Below is a block of entries; repeat exactly the lines starting at the line that contains "Best Places to" and ending at the line that contains "Park, Namibia Framed", both included.

■ Task inputs:

--

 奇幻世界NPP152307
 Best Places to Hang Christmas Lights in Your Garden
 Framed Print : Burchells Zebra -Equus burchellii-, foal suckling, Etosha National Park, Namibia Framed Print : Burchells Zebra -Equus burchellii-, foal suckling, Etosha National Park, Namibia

--

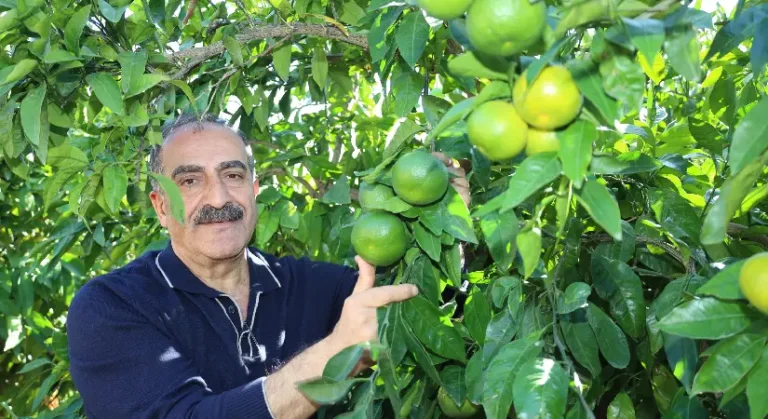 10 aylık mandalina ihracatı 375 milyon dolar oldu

--

■ Output for this exercise:
 Best Places to Hang Christmas Lights in Your Garden
 Framed Print : Burchells Zebra -Equus burchellii-, foal suckling, Etosha National Park, Namibia Framed Print : Burchells Zebra -Equus burchellii-, foal suckling, Etosha National Park, Namibia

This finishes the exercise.